The Changing Landscape of Japanese Knotweed Litigation
03-04-2023
Last updated 09-01-2024
There has been a number of recent judgements in the courts that threaten to change the Japanese knotweed litigation landscape. There are a number of ways these changes could happen.
The first is that as lawyers and the courts are dealing with more and more knotweed claims, they are getting much more experienced in understanding the issues involved. Consequently, claims and defences have usually followed well-worn lines. As such, for a claim to be successful, it usually needs to satisfy the established legal tests that have emerged as the knotweed litigation landscape has developed.
If a claim doesn’t satisfy these tests, then it might not be a solid claim. Combined with the vagaries and risks of court, this means that weaker claims, which might have been successful in the past, are now much less likely to succeed at trial.
In two examples of this, in entirely separate cases that went to trial in 2022 in London, it was claimed that knotweed had encroached from one residential property to another. Both claims, which were widely reported in the press, failed.
This shows that in going to trial, the claimants’ solicitors clearly believed their cases had good prospects.
That the claims failed might suggest false confidence on the solicitors’ part, possibly gained from earlier claims that succeeded due to defence lawyers and the courts being less experienced. So, some previously successful lines of claim might now be less effective than they once were.
Similarly, some common lines of defence might now be less useful.
An appeal decision in February 2023 set a legal precedent on a number of defences that will probably now fail in future cases.
These defences are summarised below.
Date of Constructive knowledge
This is the date from when a landowner ought to have known that knotweed is a property risk that needs dealing with. In an earlier appeal decision (Williams & Waistell v NRI [2018] ), it was established that 2012 should be the date of constructive knowledge, and this date has been used in many claims since.
The significance of this date is that it was when the Royal Institution of Chartered Surveyors first published its guidance on knotweed and property risk. In the latest appeal decision, it was judged that 2012 should not be set as the rule.
Causation
The legal test of causation (i.e. can it be proven that the defendant caused the subject knotweed to affect the claimant?) has in many previous cases used the 2012 date of constructive knowledge to argue that a defendant could not have caused any knotweed damages if the knotweed had been present before this date, when they arguably had no idea it presented a risk to the defendant.
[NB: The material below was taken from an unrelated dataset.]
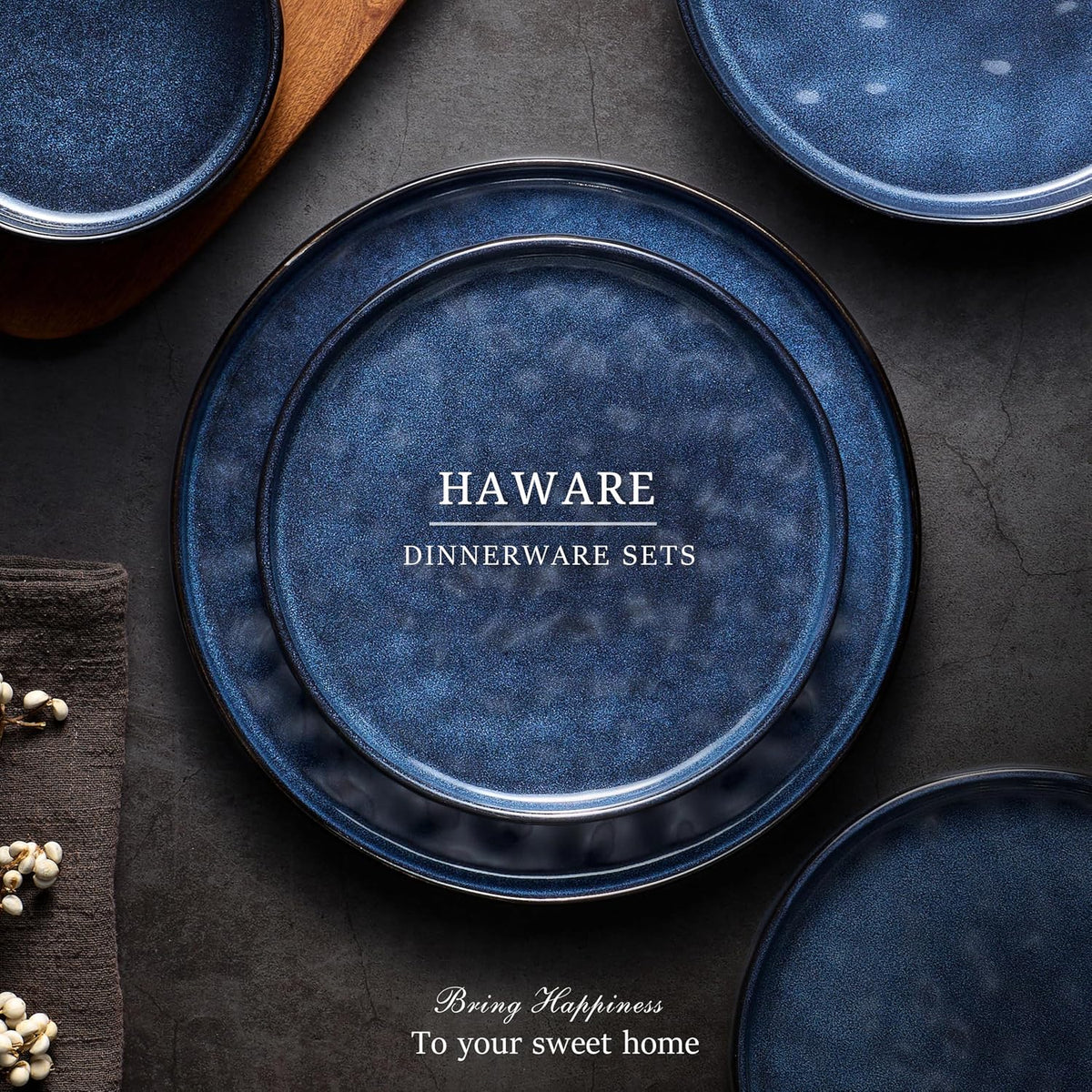 HaWare Dinnerware Sets, 18-Piece Plates and Bowls Set, Reactive Starry Blue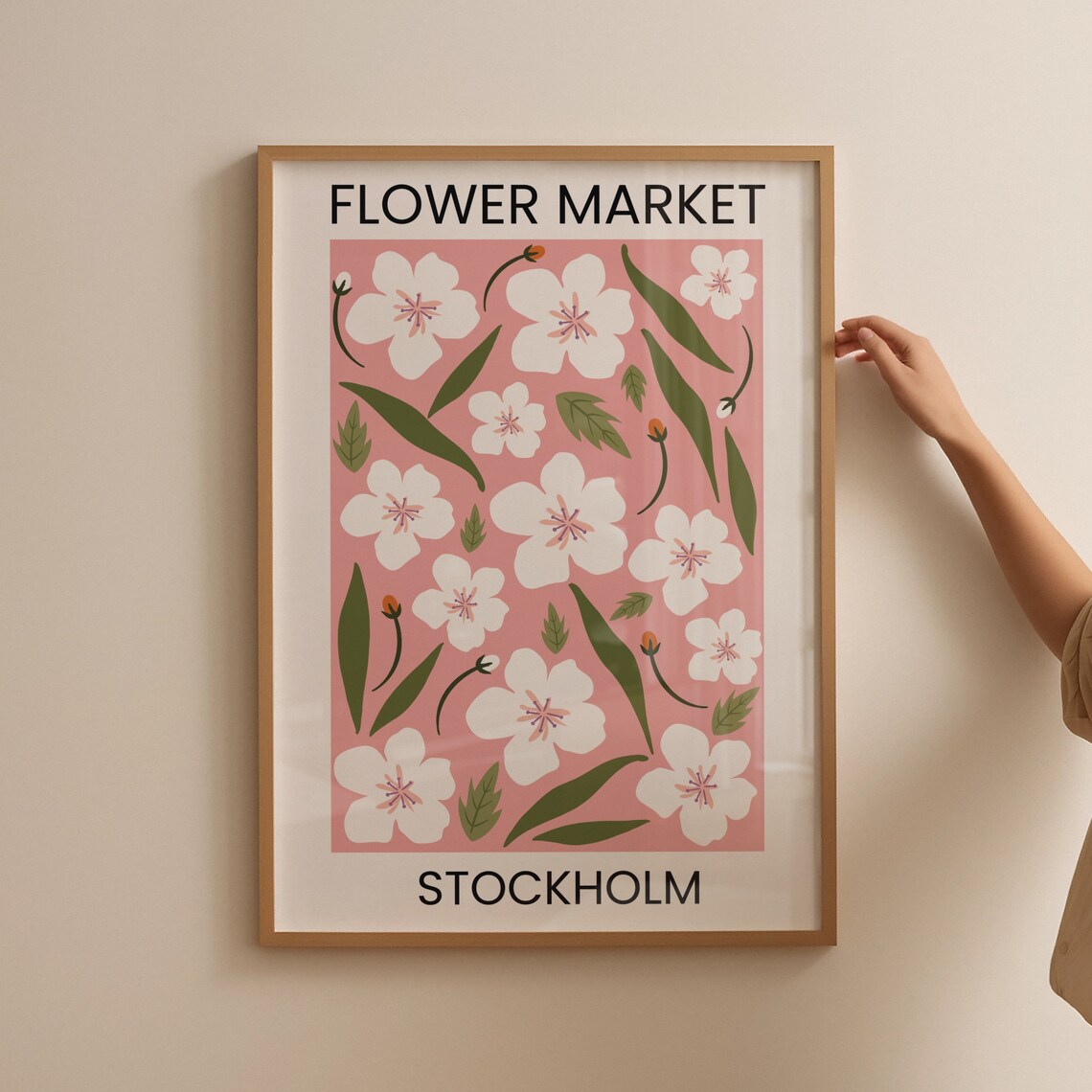 Flower Market Stockholm White Blossom Pink Floral Travel Poster - Image 4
However, it was also found in the appeal decision that if a defendant had caused the knotweed problem, then it doesn’t matter that the defendant might have been treating it since the date of constructive knowledge. If knotweed rhizomes are still present in the ground on the claimant’s property, then it continues to cause a nuisance impact for which the defendant could be liable.
Diminution in value
It was also argued by the appellant that the blighting effect of knotweed, which causes many people to be put off from buying knotweed-affected property, and hence makes buyers unwilling to pay full price, should not be considered a recoverable cost in litigation. There was no dispute that knotweed does diminish the value of property.
However, the appellant argued that this is a purely financial loss that should not be considered a ‘nuisance’. As the appeal failed, the door remains open for further nuisance claims to recover diminution in property values caused by knotweed.
So what does all this mean for future knotweed litigation?
It certainly means that knotweed is a clear and present risk that causes damaging effects on property that are potentially recoverable through litigation. However, it also means that the legal tests are now clearer, and that if claims are likely to be successful then their grounds need to be solid.
Consequently, any unscrupulous claimants or ‘ambulance-chasing’ claims firms need to review the facts of their future claims before they are tempted to issue proceedings.